Joke Collection Website - Cold jokes - Good morning, happy smile, short joke, good morning, short joke collection.

Good morning, happy smile, short joke, good morning, short joke collection.

Going home by bus, I met a bunch of junior high school students, some of whom had spicy strips in their hands, and the whole car smelled bad. I turned my head disdainfully and swallowed unwillingly.

My physique belongs to the type that clothes that can be bought in shopping are ugly, clothes that can be seen can't be bought, clothes that I want to buy are beautiful before payment, and they become ugly when I buy them home.

When I took a taxi that day, the driver asked me, "Are you in a hurry?" I said, "Not bad." The driver said, "Then I'll drive slowly. The girl dresses beautifully in summer. Let's watch while walking. "

Late autumn buds wither with the wind in the endless void, falling one by one, like fragments of a dream, so silvery, so delicate and light-in memory of my dandruff.

Gecko went to play in the forest and met a chameleon. Chameleon: Son, this is not your place. Go where you came from! Gecko: What do you look like! It's nice to grow up and know some magic!

Two children are chatting on the bus. Child A: Why did you delete my QQ yesterday? Child B: I got my card on the QQ computer yesterday, so I deleted you. If I delete the computer, it won't get stuck. Child A: Really, I'll try it.

One dark night in a month, I walked into a small shop where there was only a little girl and her mother. I have a fierce face. The little girl looked at me and said to her mother, mom, I'm afraid.

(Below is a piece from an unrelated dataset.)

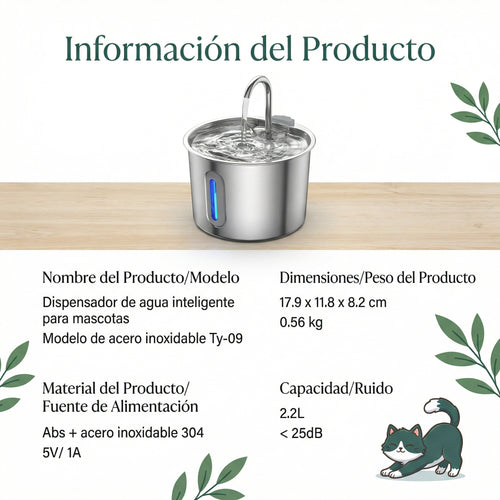 Dispensador de agua para gatos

Only heard her mother whisper: don't talk, mother is also afraid.

A woman in the office chatted in the afternoon and asked, guess who will win when my husband and I fight? We were all guessing that the manager suddenly spoke, and you must have won. Q: Why? The manager suddenly said with a complicated expression: the man is bluffing at best, and the woman is really fighting!

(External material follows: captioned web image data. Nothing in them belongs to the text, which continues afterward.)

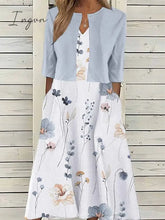 Ingvn - Women’s Two Piece Dress Set Casual Print Outdoor Daily Fashion Elegant Pocket Midi V Neck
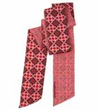 Les Belles Vagabondes Florence silk bandeau, red and pink geometric print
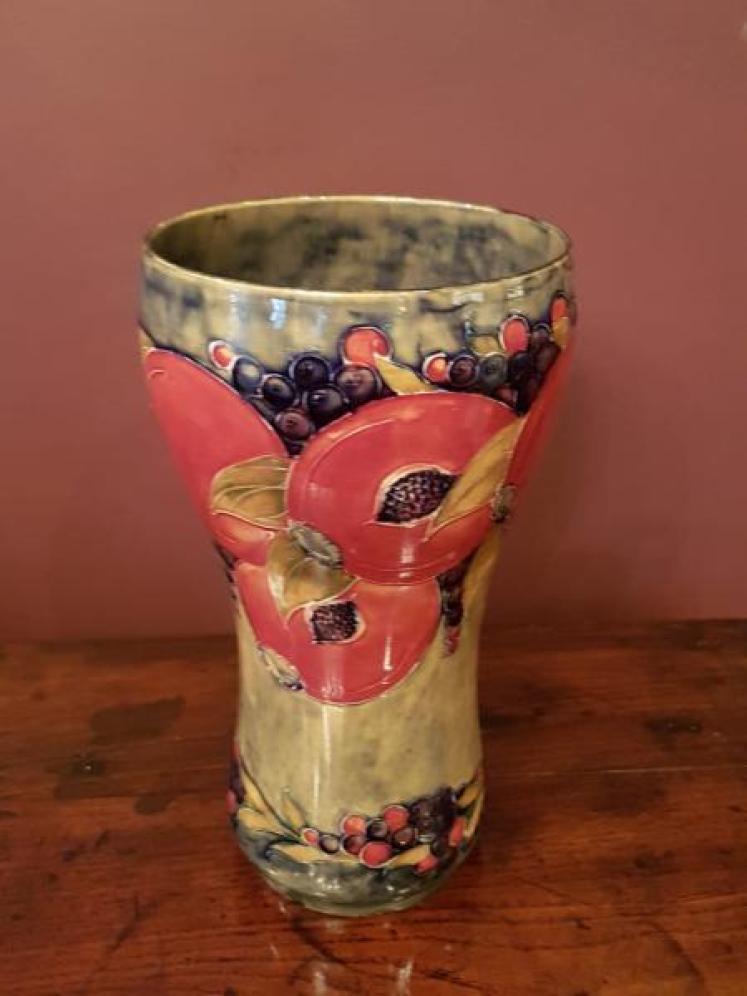 Superb Early Moorcroft Ochre Ground Pomegranate Vase - Image 4
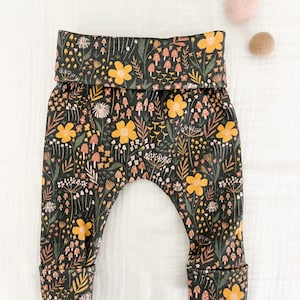 Organic baby pants, harem pants, newborn baby pants, neutral baby leggings, boy sweatpants, baby boy pants, woodland wildflowers print pants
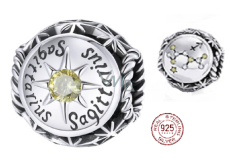 Charm Sterling silver 925 Zodiac sign, cubic zirconia Sagittarius, bead for bracelet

After the third grade exam, three students began to complain. A said, "I didn't do well in the Chinese class, and the teacher said I was a loser." B said, "I can't keep up with physical education class. The teacher said I was a defective product. " C said, "I failed the political class and the teacher said I was dangerous."

On the bus, a woman dragged a dog and sat next to me. I looked at the dog, it looked at me, and then it looked at me. I keep staring at it, and it keeps staring at me. After a while, the woman looked at her dog, then at me and asked, Do you know each other?